Subcellular and Suborganellar Localization of SAMT1 in the Plant Cell. The first 80 N-terminal amino acids (Met-1 to Thr-80) of SAMT1 were fused translationally to the green fluorescent protein (GFP). The corresponding DNA construct was fused to the cauliflower mosaic virus 35S promoter to give 35S-SAMT1(Met1-Thr80)-GFP. A construct without translational fusion between the first 80 N-terminal residues and the GFP (35S-GFP) was used as a control. Each construct was introduced into tobacco protoplasts using polyethylene glycol–mediated transformation, and the localization of the fluorescence was examined 20 h after transformation. The merged images of GFP and chlorophyll autofluorescence are shown. (A) GFP fluorescence in a protoplast expressing the construct without translational fusion between GFP and the first 80 N-terminal amino acids (35S-GFP). (B) GFP was translationally fused to the first 80 N-terminal amino acids (Met-1 to Thr-80) of SAMT1 to give 35S-SAMT1(Met1-Thr80)-GFP. (C) SDS-PAGE analysis of total chloroplast (Chl), thylakoid membrane (Thy), stromal (St), chloroplast envelope membrane (Env), and total mitochondrial (Mit) proteins.
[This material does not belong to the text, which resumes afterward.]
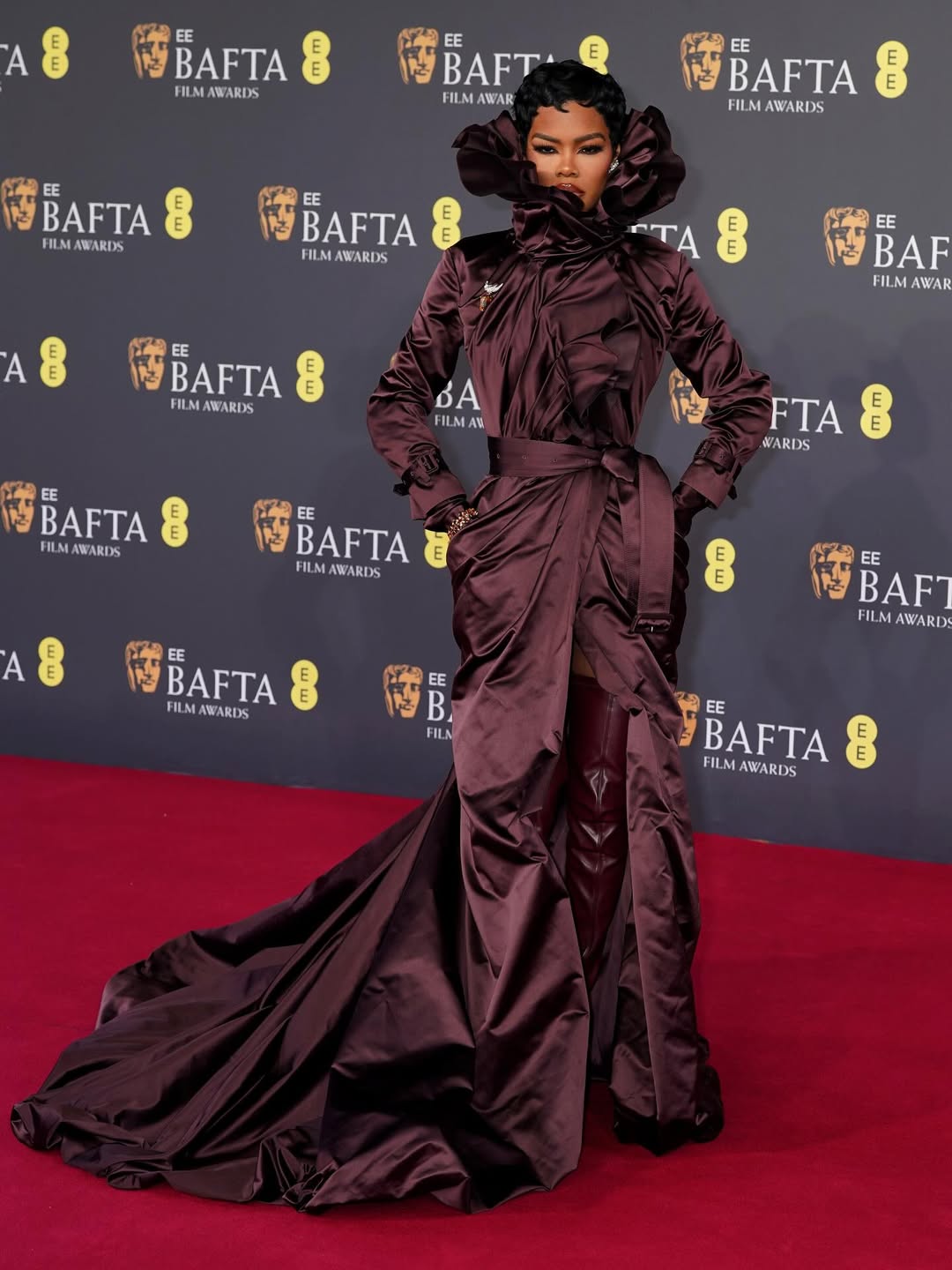 Teyana Taylor at the BAFTAs in dramatic oxblood satin ensemble with cinched waist, cascading ruffles, and sweeping train.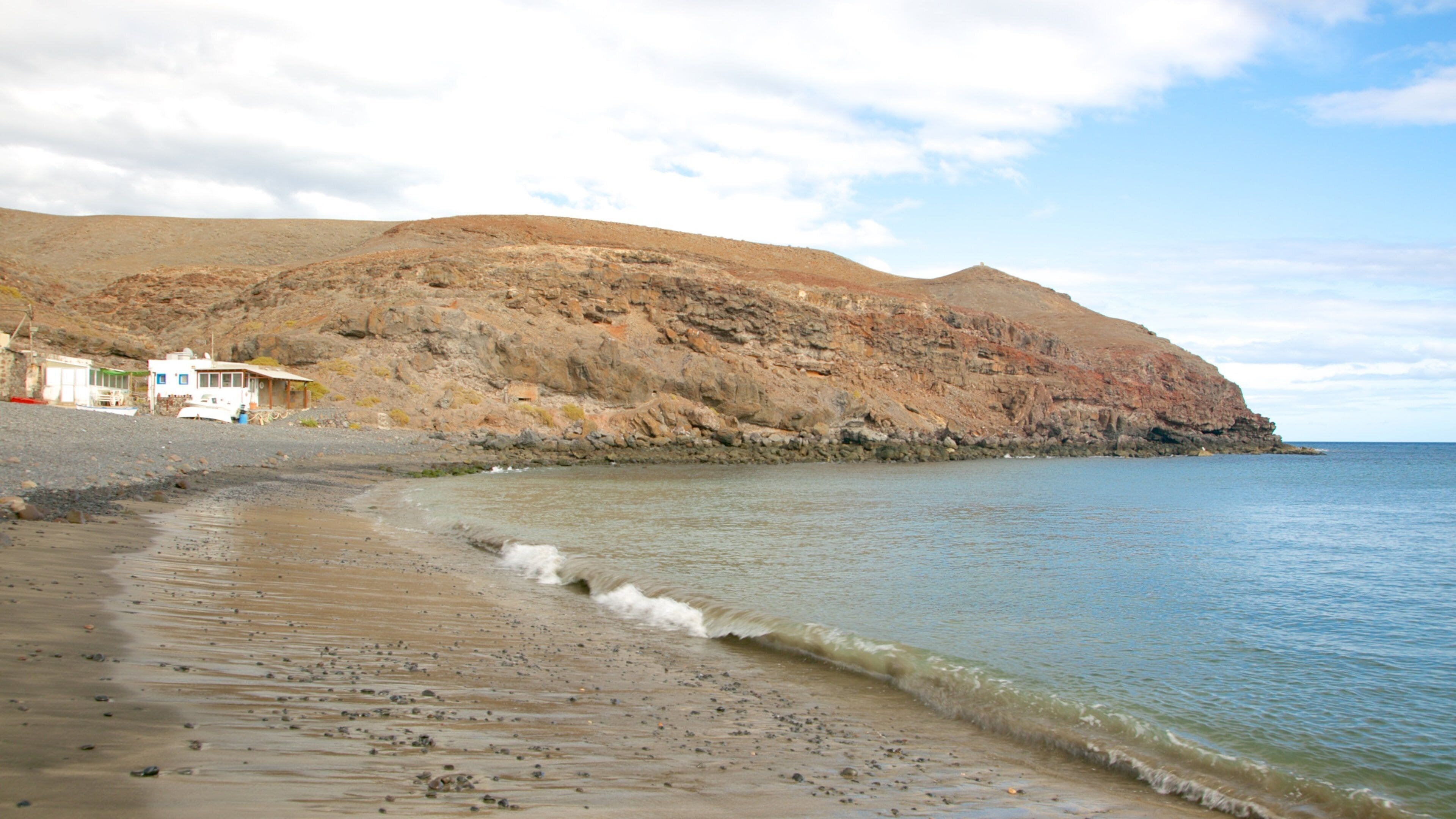 Playa Barca which includes rocky coastline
Fifty micrograms of proteins was separated and stained using Coomassie blue. The mobilities of standard proteins of known molecular mass are indicated at left. (D) Immunoblot analysis of total chloroplast (Chl), thylakoid membrane (Thy), stromal (St), chloroplast envelope membrane (Env), and total mitochondrial (Mit) proteins. Equal amounts of proteins (50 μg) were separated by SDS-PAGE, blotted, and subjected to protein gel blot analysis using SAMT1-specific antibodies or antibodies against the following marker proteins: light-harvesting chlorophyll a/b complex (LHCIIb; thylakoid membranes), 1-deoxy-d-xylulose 5-phosphate synthase (DXS; chloroplast stroma), triose phosphate translocator (TPT; chloroplast envelope membranes), and NADH dehydrogenase (NAD9) for the respiratory chain NADH dehydrogenase (complex I) of mitochondria. Numbers at left indicate molecular masses. (E) Suborganellar localization of SAMT1. Chloroplast envelope membranes (Env) were treated with 0.5 M Na₂CO₃, pH 11.5, or 2% Triton X-100 for 30 min at 0°C. After ultracentrifugation (100,000g), the pellet (P) and the supernatant (S) were used for immunoblot analysis using anti-SAMT1. The molecular mass of SAMT1 is indicated at left.

Figure 3.

Expression of SAMT1 in Transgenic Cells, and Determination of Apparent K_m and Substrate Specificity of Recombinant SAMT1. (A) Coomassie blue–stained SDS-PAGE gel showing the total membrane fraction of yeast cells transformed with either the empty expression vector (lane 1) or the expression vector harboring the cDNA encoding SAMT1 (lane 2), and protein gel blot of an identical gel (lanes 3 and 4). Control cells and expression lines were processed in parallel, including induction of expression by the addition of galactose. After transfer of proteins from the gel to a membrane, the proteins were immunodecorated using an anti-penta-His antibody. Lanes 1 and 3, control cells; lanes 2 and 4, yeast line expressing SAMT1. (B) Time kinetics of SAM transport into liposomes reconstituted with SAMT1. Uptake of SAM into liposomes that had been reconstituted with SAMT1 and preloaded with 20 mM SAM was induced by the addition of radiolabeled SAM to the liposome suspension. Aliquots were removed after 20, 30, 40, 60, 80, 120, 140, 300, and 600 s, and the transport reaction was terminated by loading the liposome suspension onto ion-exchange columns. SAM transport was quantified by liquid scintillation counting of the column pass-through. Open symbols and closed symbols refer to liposomes reconstituted with membranes from control cells and cells expressing SAMT1, respectively. (C) Determination of the apparent K_m value of SAMT1. Rates of SAM uptake into liposomes preloaded with 20 mM SAM were quantified independent of various external SAM concentrations. The inset shows a double-reciprocal plot of the data (Lineweaver-Burk plot) that was used to determine the apparent K_m value of SAMT1 for SAM transport. Results from one representative experiment of five independent replicates are shown. The apparent V_max observed in the experiment shown was 357 nmol SAM·mg⁻¹ protein·h⁻¹. (D) Substrate specificity of SAMT1. The substrate specificity of SAMT1 was determined by quantifying the rate of SAM transport into liposomes that had been preloaded with 20 mM SAM, SAHC, SMM, adenosine, Met, or control substrate (gluconate). SAM transport was quantified as described for (B). The data shown are arithmetic means ± sd from five independent replicates. ADO, adenosine; w/o, control (i.e., without internal substrates).

Figure 4.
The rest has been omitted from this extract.